LINUXMAKER, OpenSource, Tutorials

Virtualization with KVM, LXC, Docker and OpenStack

The need for IT solutions in companies is constantly increasing. To meet this demand, think about virtualization.
For managing directors, IT managers and the self-employed, virtualizations offer a number of advantages that you cannot get from traditional IT systems. They enable you to build up a certain structure and grow with it.
Many customers think that virtualization is more interesting for large companies.
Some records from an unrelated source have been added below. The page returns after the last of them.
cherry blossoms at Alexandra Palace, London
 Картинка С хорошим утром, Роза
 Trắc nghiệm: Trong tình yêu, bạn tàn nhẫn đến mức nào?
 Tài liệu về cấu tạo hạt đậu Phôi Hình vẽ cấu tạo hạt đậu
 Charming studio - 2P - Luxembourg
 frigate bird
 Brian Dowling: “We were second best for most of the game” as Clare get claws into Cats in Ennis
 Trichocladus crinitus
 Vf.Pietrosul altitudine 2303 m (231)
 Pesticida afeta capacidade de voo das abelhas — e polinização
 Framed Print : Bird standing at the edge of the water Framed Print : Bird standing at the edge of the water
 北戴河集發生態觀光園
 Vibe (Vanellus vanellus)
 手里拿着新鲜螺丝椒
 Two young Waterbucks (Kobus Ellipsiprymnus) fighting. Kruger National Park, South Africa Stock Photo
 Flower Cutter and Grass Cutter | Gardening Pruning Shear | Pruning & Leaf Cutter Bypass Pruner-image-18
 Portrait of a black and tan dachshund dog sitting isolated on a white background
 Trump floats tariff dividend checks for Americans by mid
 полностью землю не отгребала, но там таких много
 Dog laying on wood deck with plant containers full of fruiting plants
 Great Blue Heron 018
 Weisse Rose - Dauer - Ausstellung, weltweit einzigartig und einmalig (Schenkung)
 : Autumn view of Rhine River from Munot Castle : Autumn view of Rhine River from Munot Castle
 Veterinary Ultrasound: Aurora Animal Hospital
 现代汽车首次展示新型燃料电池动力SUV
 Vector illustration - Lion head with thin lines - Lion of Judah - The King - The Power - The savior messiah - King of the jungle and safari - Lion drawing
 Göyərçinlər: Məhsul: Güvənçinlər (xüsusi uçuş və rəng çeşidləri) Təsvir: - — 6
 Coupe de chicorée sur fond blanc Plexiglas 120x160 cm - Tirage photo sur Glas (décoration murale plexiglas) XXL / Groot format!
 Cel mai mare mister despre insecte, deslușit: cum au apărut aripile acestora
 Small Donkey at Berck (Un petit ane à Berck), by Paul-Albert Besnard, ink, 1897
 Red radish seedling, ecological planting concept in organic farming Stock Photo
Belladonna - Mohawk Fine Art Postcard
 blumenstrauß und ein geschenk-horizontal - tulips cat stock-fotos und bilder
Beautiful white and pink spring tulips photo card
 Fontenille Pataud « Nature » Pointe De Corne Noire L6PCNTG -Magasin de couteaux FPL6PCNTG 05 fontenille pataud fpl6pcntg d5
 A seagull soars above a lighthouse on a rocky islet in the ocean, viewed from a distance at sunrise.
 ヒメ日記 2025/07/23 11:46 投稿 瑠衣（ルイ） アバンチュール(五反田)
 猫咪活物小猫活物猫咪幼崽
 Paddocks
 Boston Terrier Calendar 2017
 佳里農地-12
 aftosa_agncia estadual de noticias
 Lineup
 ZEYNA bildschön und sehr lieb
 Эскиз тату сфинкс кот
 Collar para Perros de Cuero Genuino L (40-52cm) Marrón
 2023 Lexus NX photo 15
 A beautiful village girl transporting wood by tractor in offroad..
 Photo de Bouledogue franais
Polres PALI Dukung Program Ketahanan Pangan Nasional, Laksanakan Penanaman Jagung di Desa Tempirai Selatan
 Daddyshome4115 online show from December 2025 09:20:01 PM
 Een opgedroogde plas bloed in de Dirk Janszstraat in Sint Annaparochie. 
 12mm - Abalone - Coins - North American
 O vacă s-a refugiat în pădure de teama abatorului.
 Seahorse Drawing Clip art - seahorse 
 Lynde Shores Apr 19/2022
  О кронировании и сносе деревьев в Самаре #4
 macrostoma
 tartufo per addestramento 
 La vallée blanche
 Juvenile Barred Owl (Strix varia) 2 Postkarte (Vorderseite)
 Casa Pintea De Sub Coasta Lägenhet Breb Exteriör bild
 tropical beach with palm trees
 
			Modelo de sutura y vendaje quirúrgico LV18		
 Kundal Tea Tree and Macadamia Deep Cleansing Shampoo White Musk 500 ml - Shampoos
But that's not the case, even small and medium-sized companies can benefit very well from the technology.

  • Your hardware can be better utilized, which results in cost savings.

  • You have significantly better handling in the event of failures (disaster recovery). Because virtual servers can be restored quickly - even on other hardware.

  • By increasing the number of available systems, the high availability of your systems also increases.

  • You save time with virtualization because new servers or new virtual desktops can be generated with just a few mouse clicks.

  • You can manage and control your entire IT system centrally.

What would the cloud be without virtualization? The provision of virtual IT resources and the associated abstraction from the physical computing machine paved the way for the cloud age. All technologies used in the context of cloud computing are based on the virtualization of IT resources such as hardware, software, storage or network components. Technically, these forms of virtualization sometimes differ considerably.
Virtualization is an abstraction of physical IT resources. Hardware and software components can be abstracted. An IT component created as part of virtualization is referred to as a virtual or logical component and can be used in exactly the same way as its physical counterpart.
The central advantage of virtualization is the abstraction layer between the physical resource and the virtual image. This is the basis of various cloud services that are becoming increasingly important in everyday business.

 

Kernel-based Virtual Machine (KVM)

A kernel-based virtual machine (KVM) is an open source virtualization technology that is integrated into Linux. In particular, one can convert Linux with KVM into a hypervisor, which enables a host computer to run several isolated virtual environments, so-called guests or virtual machines (VM).
KVM is integrated in Linux. KVM is also included on every current Linux. KVM is therefore part of the existing Linux code and immediately benefits from every new function, fix or improvement for Linux, without additional technical effort.
Another advantage of KVM is that the guest systems run almost at native speed, i.e. the guest system responds almost as quickly as a native system.

How does KVM work?
KVM converts Linux to a type 1 hypervisor (bare metal). All hypervisors require the same components at the operating system level - such as a memory manager, process planner, input / output stack (I / O), device drivers, security manager, network stack and more - in order to run the VM. KVM has all of these components because it is built into the Linux kernel. Each VM is thus implemented as a regular Linux process, which is planned by the standard Linux scheduler, with dedicated virtual hardware such as a network card, graphics card, CPU (s), memory and hard drives.

Security
KVM uses a combination of Linux with enhanced security (SELinux) and secure virtualization (sVirt) for improved VM security and isolation. SELinux defines the security limits around VM. sVirt extends the capabilities of SELinux. sVirt enables the use of mandatory access control (MAC) for guest VMs and prevents manual labeling errors.

Memory management
Linux memory management functions are performed by KVM, including non-uniform memory access (NUMA) and kernel same-page merging. A VM's memory can be swapped, increased in volume for better performance, and shared or supported by a hard disk file.

Live migration
KVM takes over the performance of Linux and scales to adapt to load requirements as the number of guest machines and requests increases. Large application workloads can be virtualized with KVM. In addition, KVM forms the basis for many setups for corporate virtualization, for example for data centers and private clouds (via

Performance and scalability
KVM takes over the performance of Linux and scales to adapt to load requirements as the number of guest machines and requests increases. Large application workloads can be virtualized with KVM. In addition, KVM forms the basis for many setups for corporate virtualization, for example for data centers and private clouds (via OpenStack®).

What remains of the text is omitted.